Critique de Bernard2 (DAX, Inscrit le 13 mai 2004, 74 ans) - 8 août 2012

Peut-être dois-je préciser que je n'éprouve aucune sympathie pour N. Sarkozy, ni pour l'individu en tant que tel, ni pour les idées politiques qu'il défend. La liberté d'expression ne se comprenant qu'en respectant les avis contraires, je ne cherche nullement à offenser quiconque, mais simplement à éclairer mon propos.
Je n'ai pas voulu lire ce livre avant que N. Sarkozy ne soit éloigné du pouvoir, car mes opinions auraient nui à mon souci d'objectivité. Ce n'est plus le cas aujourd'hui.
Certes, on trouve ici confirmation de ce que l'on savait déjà. L'individu a un ego démesuré, un amour immodéré de l'argent, une soif de pouvoir sans partage allant jusqu'au mépris des autres, un manque évident de savoir-vivre et de culture, une incapacité à réfléchir, préférant la précipitation et l'agitation. Les auteurs parlent « d'irrationalité dans sa passion démesurée pour le pouvoir et pour lui-même »...
Mais est-il abject à ce point, sans une seule once de qualité ? Bien sûr, les auteurs étant des journalistes de Marianne, on ne pouvait pas s'attendre à des éloges ! Mais à trop exagérer, on risque de provoquer un effet inverse. Je retiendrai toutefois de ce livre un style élégant, des phrases fort bien écrites, subtiles parfois. Des journalistes, ça sait écrire !
Mais même si tout n'est pas aussi négatif que ce que l'on nous dit ici, on peut se demander, maintenant que la page est tournée, si le titre de ce livre doit être « Off », ou bien « Ouf »...

Une plongée de l'autre côté du miroir

8 étoiles

Critique de Chrisland (, Inscrit le 27 septembre 2011, 63 ans) - 2 novembre 2011

Relativement peu friand d'essais journalistiques sur la vie politique française, je suis tombé tout à fait par hasard sur ce document écrit à quatre mains par deux dirigeants de l'hebdomadaire "Marianne" (journal dont l'orientation politique ou, devrais-je plutôt dire, populiste, ne présente pour moi aucun intérêt).

J'ai commencé le premier chapitre et... je n'ai quasiment pas lâché le volume jusqu'à son terme, 300 pages plus loin. Pourquoi ? Deux raisons essentielles : c'est passionnant et c'est vraiment bien écrit.

Passionnant, car les auteurs ne déroulent pas ici un énième récit exclusif des petits détails croustillants de la vie politique française, mais cherchent plutôt à expliquer, démonter le personnage Sarkozy.

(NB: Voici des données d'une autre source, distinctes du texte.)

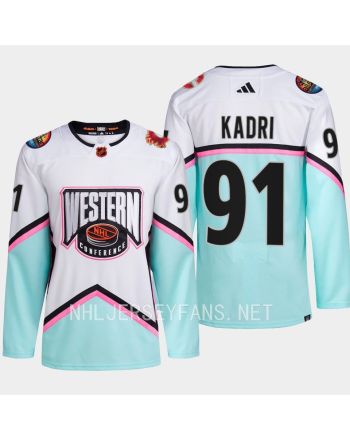 Nazem Kadri 91 Flames 2023 All-Star Western Conference White Jersey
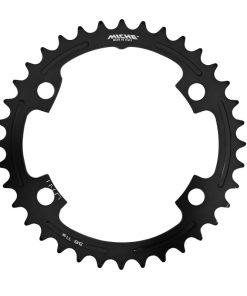 Plateau Route 4 Branches D.110 Pour Shimano Ultegra R8000 - R8050 - 6800 Miche 36 Dents Interieur Noir 11V. Compatible 105 5800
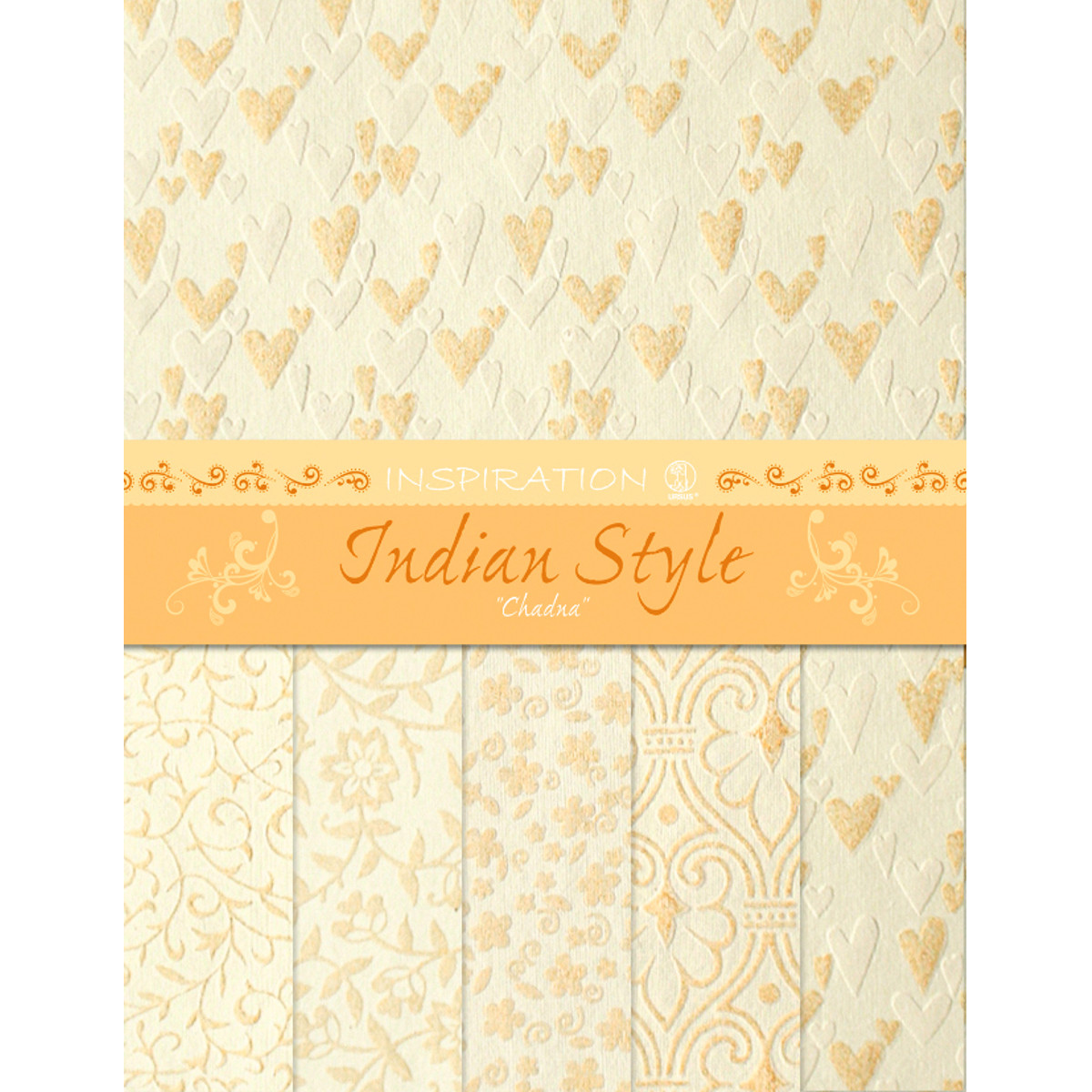 Indian Style "Chadna" 23 x 33 cm - 5 Blatt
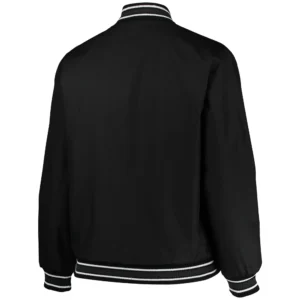 Alternative view of Philadelphia 76ers Basketball Team Players Full-Snap Satin Varsity Jacket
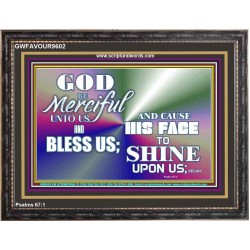 BE MERCIFUL UNTO ME O GOD  Home Art Wooden Frame  GWFAVOUR9602  "45X33"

Parfait proche de l'analyse psychanalytique, le récit explore le passé, les étapes de sa montée en puissance.

Ce n'est pas un portrait à charge, loin s'en faut, car si les auteurs vont, au fil du récit, décrire le lent relâchement des relations (professionnelles !) entre eux et le Président (à l'initiative de ce dernier), la première partie du récit apporte de nombreux éléments positifs sur sa personnalité. La deuxième moitié du document est, par contre, assez effrayante...

Bien écrit, car les auteurs ne sont pas d'humbles tacherons de l'écriture, pas du tout... Le style de la plupart des récits conçus par des journalistes politiques est assez effroyable, il faut le dire; mais ici, nous sommes en face d'un véritable travail littéraire. J'en remercie Nicolas Domenach et Maurice Szafran, qui me réconcilient avec le genre !

Résumons nous : un récit éclairant, nuancé et bien écrit sur un de nos dirigeants politiques.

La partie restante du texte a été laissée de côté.